All preprocessing and data augmentation procedures were confined strictly to the training folds within each iteration, thereby eliminating the possibility of information leakage into the validation set. We elected not to implement chronological separation due to the narrow temporal span of data collection (2017–2024) and the low prevalence of radiolucent FBA, which would have severely limited the number of positive cases available for model training. Instead, the independent evaluation cohort and external validation dataset were entirely held out from the training pipeline and reserved for final model performance assessment, ensuring an unbiased evaluation of generalization capability.

Statistical analysis

Continuous variables were assessed for normality using the Shapiro-Wilk test. Normally distributed data was expressed as mean (standard deviation) and compared between groups (FBA vs. NFBA) using the independent samples t-test. For non-normally distributed data, results were summarized as median (interquartile range, IQR) and compared using the Wilcoxon rank-sum test. Categorical variables were expressed as numbers (percentages) and compared using the chi-square test or Fisher’s exact test when the expected number of cells was less than 5. Two-sided P values less than 0.05 were considered statistically significant. All analyses were performed using R (version 4.4.2).

To compare model performance with expert radiologists interpretation on the independent evaluation dataset, McNemar’s test was used for paired sensitivity and specificity comparisons. Bootstrapping with 1000 iterations was used to estimate 95% confidence intervals and assess differences in F1 score. All analyses were performed in Python (v3.9) using SciPy and scikit-learn.

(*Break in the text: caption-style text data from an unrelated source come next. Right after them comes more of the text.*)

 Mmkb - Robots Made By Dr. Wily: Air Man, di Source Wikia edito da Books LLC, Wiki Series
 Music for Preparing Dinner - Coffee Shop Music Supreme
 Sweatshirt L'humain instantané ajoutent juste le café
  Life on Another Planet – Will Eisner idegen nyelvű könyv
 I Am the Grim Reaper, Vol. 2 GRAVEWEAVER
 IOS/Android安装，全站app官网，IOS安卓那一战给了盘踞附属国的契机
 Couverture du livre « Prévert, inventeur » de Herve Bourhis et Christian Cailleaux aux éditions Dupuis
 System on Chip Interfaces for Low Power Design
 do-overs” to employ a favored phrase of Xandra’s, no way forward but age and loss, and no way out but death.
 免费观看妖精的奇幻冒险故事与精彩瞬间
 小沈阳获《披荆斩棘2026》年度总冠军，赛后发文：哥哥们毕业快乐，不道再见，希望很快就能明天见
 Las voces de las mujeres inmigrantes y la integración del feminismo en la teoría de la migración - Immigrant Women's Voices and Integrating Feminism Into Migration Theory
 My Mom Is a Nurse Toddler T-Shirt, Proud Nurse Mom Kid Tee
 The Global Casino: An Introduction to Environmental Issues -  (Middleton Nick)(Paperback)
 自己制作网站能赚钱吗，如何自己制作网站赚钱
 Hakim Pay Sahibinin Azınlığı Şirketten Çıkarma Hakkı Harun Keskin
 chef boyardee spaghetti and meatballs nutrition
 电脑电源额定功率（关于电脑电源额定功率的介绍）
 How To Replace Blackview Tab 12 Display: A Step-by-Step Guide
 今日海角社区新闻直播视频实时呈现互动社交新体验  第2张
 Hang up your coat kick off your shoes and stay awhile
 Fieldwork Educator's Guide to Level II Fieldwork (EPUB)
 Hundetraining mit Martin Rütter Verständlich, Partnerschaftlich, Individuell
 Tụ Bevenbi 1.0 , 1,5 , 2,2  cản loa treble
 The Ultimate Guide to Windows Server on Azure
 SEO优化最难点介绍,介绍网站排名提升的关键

Study design and ethical approval

This retrospective, multi-center study was conducted in compliance with the Standards for Reporting Diagnostic Accuracy Studies (STARD) guidelines32. Ethical approval was obtained from the institutional review boards of all participating centers: The Central Hospital of Wuhan (WHZXKYL2024-108), The Renmin Hospital of Wuhan University (WDRY2025-K083), and The Zhongnan Hospital of Wuhan University (2025086K). Due to the retrospective nature and full anonymization of imaging data, informed consent was waived. The study aimed to develop and evaluate a deep learning pipeline for detecting radiolucent foreign body aspiration from chest computed tomography scans by combining high-precision airway segmentation with multi-view convolutional classification. Three datasets were used: internal modeling, external validation, and independent evaluation, with strict cohort separation throughout all stages of development and testing.